[R] column-wise deletion in data-frames

Prof Brian Ripley ripley at stats.ox.ac.uk
Mon Jul 18 18:05:17 CEST 2005


On Mon, 18 Jul 2005, Peter Dalgaard wrote:

> Prof Brian Ripley <ripley at stats.ox.ac.uk> writes:
>
>> On Mon, 18 Jul 2005, Peter Dalgaard wrote:
>>
>>> Chuck Cleland <ccleland at optonline.net> writes:
>>>
>>>>> data <- as.data.frame(cbind(X1,X2,X3,X4,X5))
>>>>>
>>>>> So only X1, X3 and X5 are vars without any NAs and there are some vars (X2 and
>>>>> X4 stacked in between that have NAs).

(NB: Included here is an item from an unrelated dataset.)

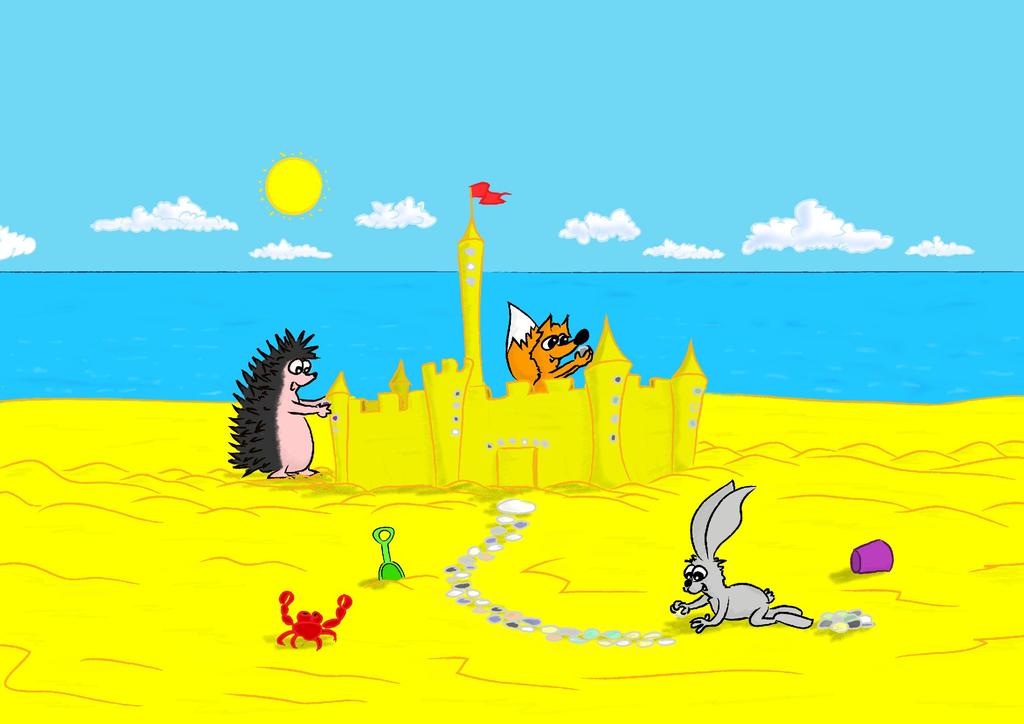 Nadeszło lato i Bubu wraz ze swoimi przyjaciółmi królikiem Oskarem i jeżykiem Rico wybrali się na obóz letni nad morze.
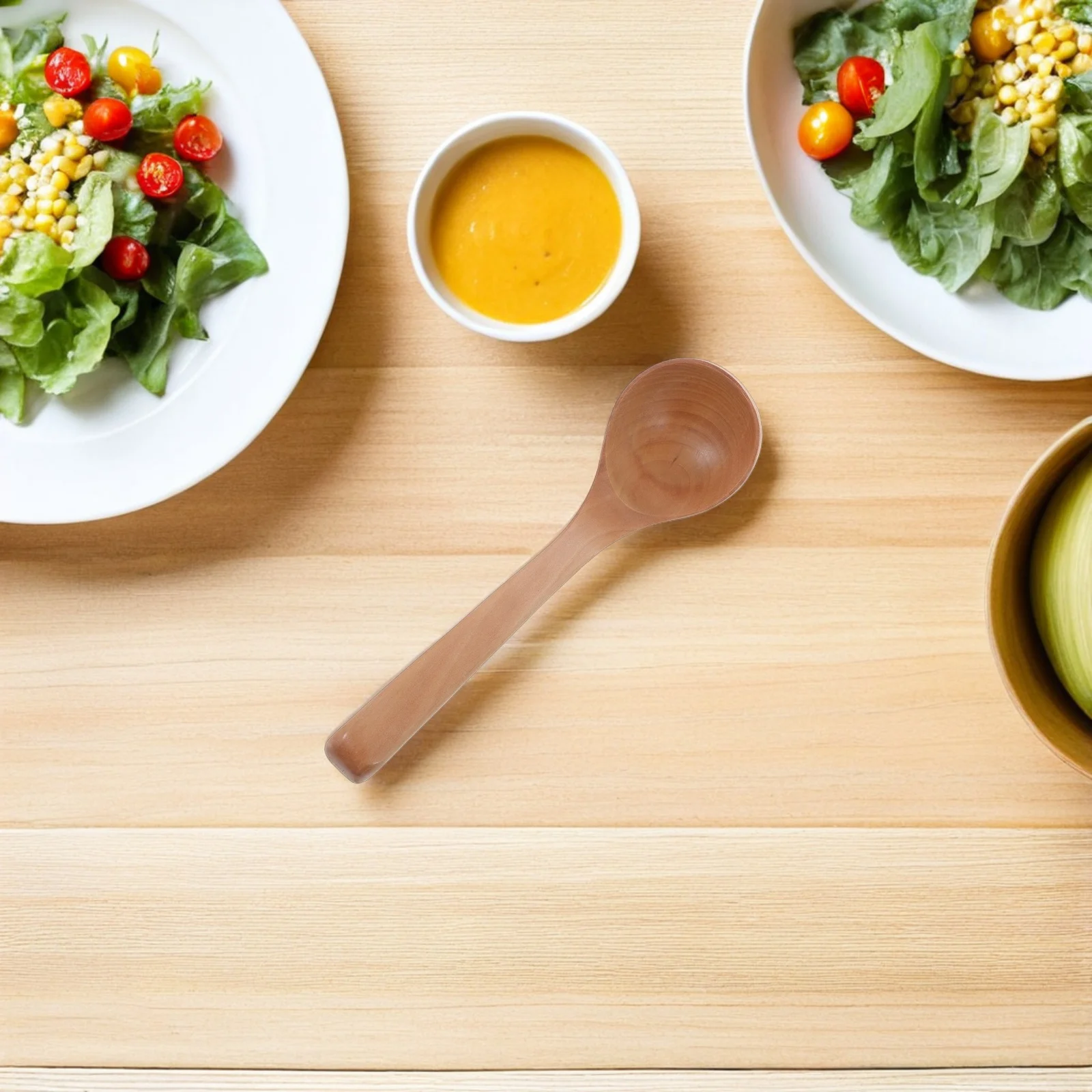 

2Pcs Japanese Inspired Wooden Soup Spoons Deep Bowl Ladle for Ramen Chinese Soup Porridge Dessert Non Scratch Cookware Friendly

Now, how can I extract those former vars
>>>>> in a new dataset or remove all those latter vars in between that have NAs
>>>>> (without missing a single row)?
>>>>> ...
>>>>
>>>>    Someone else will probably suggest something more elegant, but how
>>>> about this:
>>>>
>>>> newdata <- data[,-which(apply(data, 2, function(x){all(is.na(x))}))]
>>>
>>> (I think that's supposed to be any(), not all(), and which() is
>>> crossing the creek to fetch water.)
>>>
>>> This should do it:
>>>
>>> data[,apply(!is.na(data),2,all)]
>>
>> If `data' is a data frame, apply will coerce it to a matrix.
>
> So will is.na()...

Not quite.  is.na on a data frame will create a matrix by cbind-ing 
columns.   I was mainly commenting on Chuck Cleland's version, which 
coerces a data frame to a matrix then pulls out each column of the matrix, 
something that is quite wasteful of space.  Forming the logical matrix 
is.na(data) is also I think wasteful.

>> I would do
>> something like
>>
>> keep <- sapply(data, function(x) all(!is.na(x)))
>> data[keep]
>>
>> to use the list-like structure of a data frame and make the fewest
>> possible copies.
>
> I think the amount of copying is the same, but your version doesn't
> need to store the entire is.na(data) at once.
>
> Nitpick: !any(is.na(x)) should be marginally faster than all(!is.na(x)).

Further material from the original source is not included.